What to do — The answer must be an exact transcription of all the records below.

Data records START

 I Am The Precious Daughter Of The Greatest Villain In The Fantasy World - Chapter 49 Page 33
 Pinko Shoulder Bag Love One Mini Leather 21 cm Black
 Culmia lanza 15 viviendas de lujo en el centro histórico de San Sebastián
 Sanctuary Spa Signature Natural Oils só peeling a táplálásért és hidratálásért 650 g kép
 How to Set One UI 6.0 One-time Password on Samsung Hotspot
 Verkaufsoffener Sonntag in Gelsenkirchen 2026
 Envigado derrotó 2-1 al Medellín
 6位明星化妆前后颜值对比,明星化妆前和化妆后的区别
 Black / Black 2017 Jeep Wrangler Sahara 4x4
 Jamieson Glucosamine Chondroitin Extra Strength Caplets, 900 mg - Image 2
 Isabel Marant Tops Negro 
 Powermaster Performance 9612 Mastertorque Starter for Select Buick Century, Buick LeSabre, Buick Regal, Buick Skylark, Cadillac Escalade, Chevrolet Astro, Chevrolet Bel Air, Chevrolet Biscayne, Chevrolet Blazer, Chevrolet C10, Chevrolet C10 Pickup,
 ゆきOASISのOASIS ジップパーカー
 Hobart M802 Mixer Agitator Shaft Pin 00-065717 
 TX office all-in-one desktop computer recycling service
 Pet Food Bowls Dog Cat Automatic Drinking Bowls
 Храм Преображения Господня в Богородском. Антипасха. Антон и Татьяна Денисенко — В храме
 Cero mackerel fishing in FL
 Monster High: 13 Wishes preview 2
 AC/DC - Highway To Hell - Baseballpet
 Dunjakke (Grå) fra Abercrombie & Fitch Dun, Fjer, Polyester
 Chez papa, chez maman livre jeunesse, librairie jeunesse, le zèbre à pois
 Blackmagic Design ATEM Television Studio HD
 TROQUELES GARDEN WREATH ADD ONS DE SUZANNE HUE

Data records END

Task output —
 I Am The Precious Daughter Of The Greatest Villain In The Fantasy World - Chapter 49 Page 33
 Pinko Shoulder Bag Love One Mini Leather 21 cm Black
 Culmia lanza 15 viviendas de lujo en el centro histórico de San Sebastián
 Sanctuary Spa Signature Natural Oils só peeling a táplálásért és hidratálásért 650 g kép
 How to Set One UI 6.0 One-time Password on Samsung Hotspot
 Verkaufsoffener Sonntag in Gelsenkirchen 2026
 Envigado derrotó 2-1 al Medellín
 6位明星化妆前后颜值对比,明星化妆前和化妆后的区别
 Black / Black 2017 Jeep Wrangler Sahara 4x4
 Jamieson Glucosamine Chondroitin Extra Strength Caplets, 900 mg - Image 2
 Isabel Marant Tops Negro 
 Powermaster Performance 9612 Mastertorque Starter for Select Buick Century, Buick LeSabre, Buick Regal, Buick Skylark, Cadillac Escalade, Chevrolet Astro, Chevrolet Bel Air, Chevrolet Biscayne, Chevrolet Blazer, Chevrolet C10, Chevrolet C10 Pickup,
 ゆきOASISのOASIS ジップパーカー
 Hobart M802 Mixer Agitator Shaft Pin 00-065717 
 TX office all-in-one desktop computer recycling service
 Pet Food Bowls Dog Cat Automatic Drinking Bowls
 Храм Преображения Господня в Богородском. Антипасха. Антон и Татьяна Денисенко — В храме
 Cero mackerel fishing in FL
 Monster High: 13 Wishes preview 2
 AC/DC - Highway To Hell - Baseballpet
 Dunjakke (Grå) fra Abercrombie & Fitch Dun, Fjer, Polyester
 Chez papa, chez maman livre jeunesse, librairie jeunesse, le zèbre à pois
 Blackmagic Design ATEM Television Studio HD
 TROQUELES GARDEN WREATH ADD ONS DE SUZANNE HUE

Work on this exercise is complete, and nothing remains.